TO VOTE OR NOT TO VOTE? THAT IS THE QUESTION!

In the comment thread of the popular Venezuela News & Views blog I engaged in a discussion with a fellow blogger (Citizen Feathers) about the current political situation in Venezuela. After posting comments back and forth we were able to iron out our discrepancies and agree on everything except for one issue. I promised Feathers that I would address this issue in a separate comment but due to unforeseen circumstances I was not able to keep my word.

Even though late, I am herewith posting my comments on that issue not only because I gave Feathers my word but because I believe the issue is today more relevant than ever.

I believe that to answer the vote/not vote question we need to take into account two different considerations. One is the constitutional and legal implications of the decision and the other is the personal implications of that decision.


Let me start with the constitutional and legal implications.

The Bolivarian Constitution grants every citizen the right to vote. This right is also a prerogative because voting is not mandatory and, except for “referendums” (articles 72, 73 and 74) where a minimum number of voters is required, a majority vote is enough to approve the election of any government official. This means that, under the constitution, the lack of voter participation in a general election does not make an election less valid and/or illegal in any way.

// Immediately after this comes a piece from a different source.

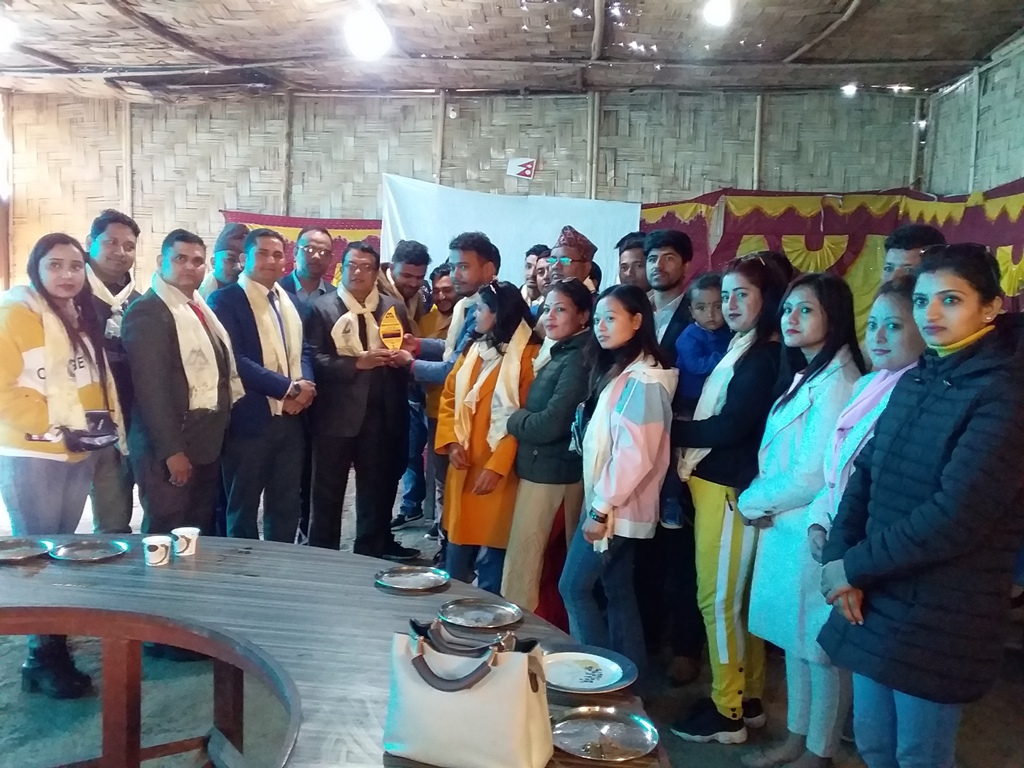 महालक्ष्मी लाइफले दियो एजेन्सी मेनेजरहरुलाई पुनर्ताजगी तालिम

The right to vote can be exercised by Venezuelans in basically two situations.
  1. To elect government officials in general elections
  2. In “Referendums”
    • To revoke the mandate of an elected government official (Article 72) (Requires participation of a minimum of 25% of voters)
    • To approve or repeal laws, measures and /or amendments and reforms to the Constitution (Article 73) (Requires participation of a minimum of 25% of voters)
    • To revoke laws passed by the National Assembly and/or the President (Article 74) (Requires the participation of a minimum of 40% of voters)
Articles 341 (4) and 344 mandate that constitutional amendments and reforms are subject to referendum and therefore the rules of article 73 apply in both cases meaning that the participation of 25% of the voters is required to approve the referendum.

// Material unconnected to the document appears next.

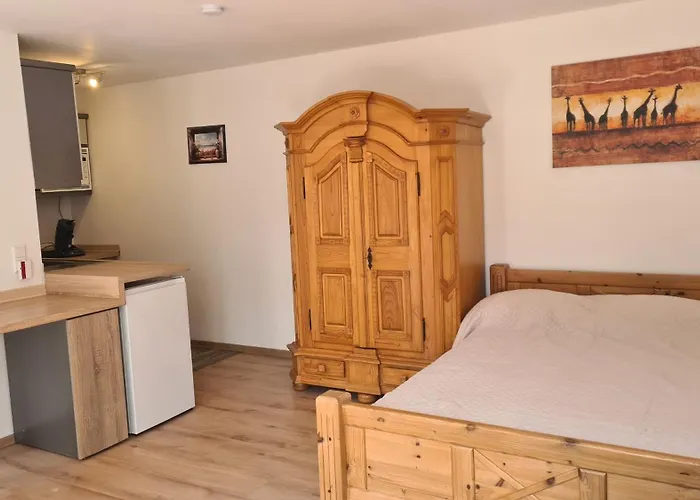 شقة Haides Helle نيكارشتايناخ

General elections are partisan political processes were citizens are requested by politicians and/or political parties to endorse their candidacy as well as their political programs and/or ideology.

Referendums though are not intended to be partisan but instead are electoral processes were citizens are asked to vote based on their conscience and/or believe. Indeed, the votes on a referendum are basically votes on principles. They might have political, social and even economic implications but they are not partisan by nature.

I am not going to stress how important it is to vote for representatives in general elections even if they end up accounting for only a minority representation because that is milk that has already been spilled.

I will concentrate on analyzing the current “referendum” electoral process and separate what is legal, constitutional or not within this process.

In the current process the President, as per article 342 of the constitution, submitted an “initiative” of constitutional reform to the National Assembly for its discussion and approval.

The National Assembly, according to article 343 of the constitution, had two years to discuss and approve or not the Presidential constitutional reform “initiative”. In order to do so, the National Assembly had to comply with discussing the proposed articles in three separate sessions.

To understand why article 343 of the Bolivarian Constitution calls for three separate discussions of the constitutional reform “initiative” in three separate sessions of the National Assembly we need to understand first, what is the role of the National Assembly in the constitutional reform process?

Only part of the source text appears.